Acreditar no diálogo não é escamotear as dificuldades reais de entendimento entre os povos e as religiões. A imagem que ainda vigora em nosso tempo é a das afirmações identitárias rígidas, de um mundo marcado pela diabolização do outro e pela irradiação dos nacionalismos mortíferos. Mas há que buscar horizontes alternativos, de ampliação da visão e de exercício de um cuidado singular com os outros, em sua diferença irredutível e irrevogável. Há que ampliar as cordas para suscitar um novo conhecimento e abertura dialogais. Ou cultivamos esse conhecimento mútuo ou terminamos “isolados num mundo beckettiano de solilóquios em choque”3.
O pluralismo religioso vem sendo cada vez mais vislumbrado como um valor irrevogável. Deixa de ser reconhecido como um fenômeno conjuntural passageiro, um fato provisório, para ser percebido na sua riqueza, como um pluralismo de princípio ou de direito. Torna-se uma “realidade cognitiva” que delineia a forma como percebemos nós mesmos e os outros. Aqueles que se fixam no conhecimento restrito de sua própria tradição religiosa não a conhecem em profundidade, pois a presença do “desvio” do outro, em sua alteridade singular, faculta uma melhor inteligência de nossa identidade. O pluralismo religioso, enquanto realidade fundamental, “tem invadido, explodido e transformado o mundo religioso de muitos de nós – por meio do olhar, da voz e do toque de um Outro religioso que é parte das nossas vidas”4.
Esta diversidade nos envolve por todos os lados e guarda consigo “potencialidades secretas”, abrindo espaços inusitados para o exercício novidadeiro de uma vida comum incrementada pela dinâmica da generosidade. A presença provocadora da diferença e da alteridade amplia o campo das possibilidades e faculta o real exercício de uma conversação enriquecedora.
O encontro entre as religiões torna-se um imperativo humano de nossos dias. O diálogo aparece como um desafio singular para captar e compreender a extraordinária diversidade das tradições religiosas, bem como deixar-se enriquecer por ela. Nenhuma religião consegue exaurir o campo da experiência religiosa humana, sempre aberta a novas significações. As religiões não são “mônadas isoladas” e destacadas da dinâmica plural do real. Elas inserem-se numa teia complexa de relações e aprendizados, que relativiza as seduções particularistas. E os místicos assinalam, com acerto, que os desacordos que dividem as religiões e os seres humanos, ocorrem pelo apego à superficialidade dos nomes e das formas. Se houvesse maior atenção à dinâmica de profundidade que as aproxima e envolve, o entendimento e a paz seriam alcançados5.
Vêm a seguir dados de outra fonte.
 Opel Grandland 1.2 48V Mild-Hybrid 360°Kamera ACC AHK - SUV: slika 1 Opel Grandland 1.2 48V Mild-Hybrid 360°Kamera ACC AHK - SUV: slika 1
1. O mistério e sedução da alteridade
O diálogo interreligioso envolve sempre a relação entre interlocutores diferentes, num processo construtivo voltado para o conhecimento mútuo e o enriquecimento recíproco. O diálogo não pode prescindir da identidade e da firmeza de posição, mas pressupõe igualmente a consciência da vulnerabilidade, da disposição de abertura diante de um enigma que ultrapassa as particularidades. Envolve um movimento de recolhimento de si para “para deixar valer o outro”. O outro humano é um patrimônio de mistério que se revela a cada momento, deixando sempre adiante uma virtualidade a ser captada. A alteridade desconcerta e seduz. Ela traduz o mistério da maravilha, que é fascínio e admiração. É quando a alteridade apresenta-se de maneira substantiva e se dá o “impacto com o outro, com a sua indeduzível e improgramável presença”6 É essa admiração que faculta estupor e aciona uma provocação inédita de desarme e abertura.
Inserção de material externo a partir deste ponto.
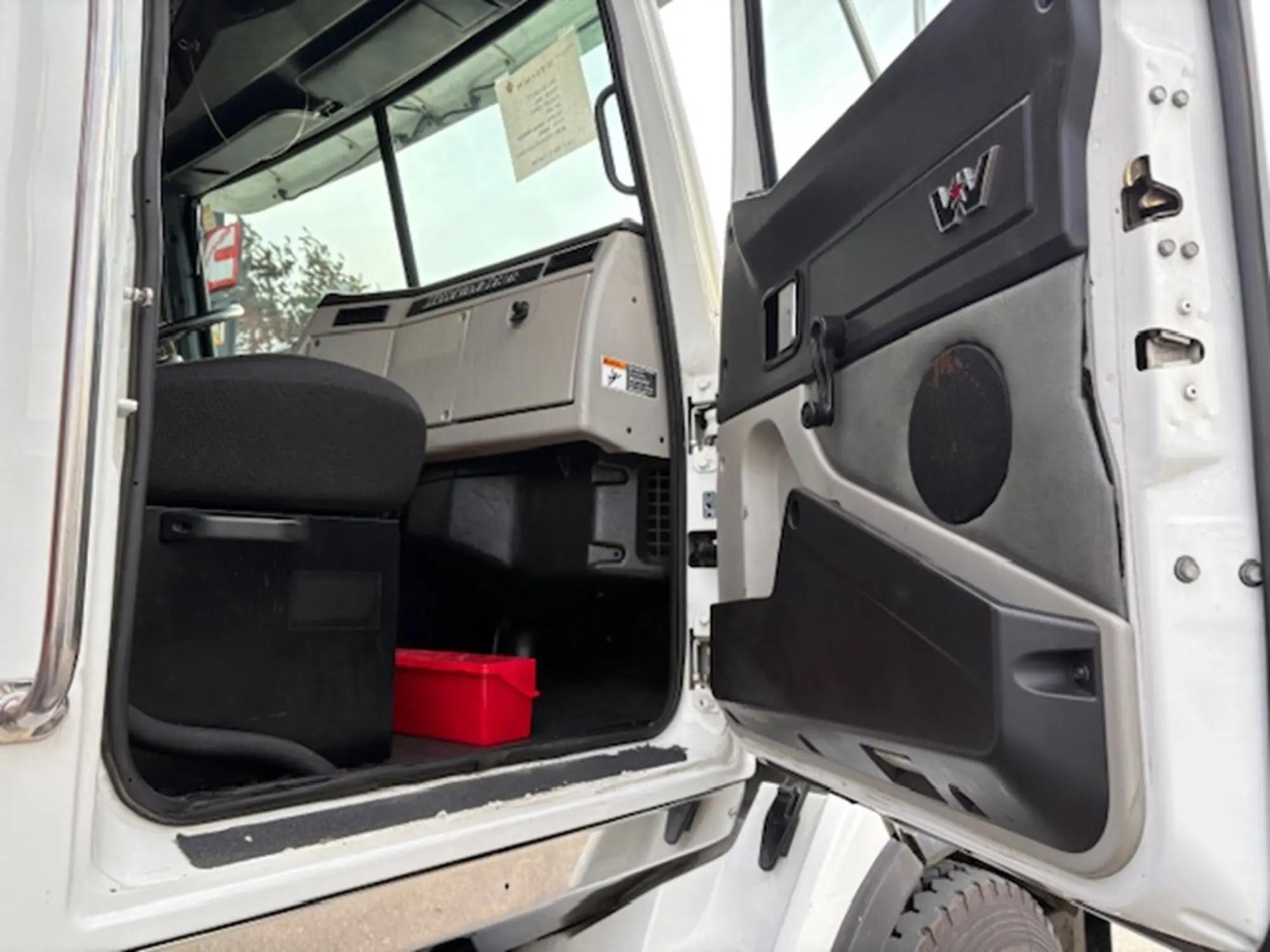 2015 Western Star 4700 in Manchester, NH — photo 5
A presença do outro suscita não apenas maravilha, mas também agonia, na medida em que sua presença nos desconcerta e nos desvia do caminho seguro até então trilhado. É a outra face da dinâmica da alteridade, que nos faz viver a experiência do limite e da fronteira. É agonia na medida em que nos convoca a viver a radicalidade de um exercício de fronteira, um embate com um irredutível que remove as entranhas intelectuais e afetivas. Trata-se de uma convocação dolorosa a romper com as defesas e alongar as cordas, quebrar os preconceitos e aceitar o desafio da abertura às surpresas que acompanham o advento do outro.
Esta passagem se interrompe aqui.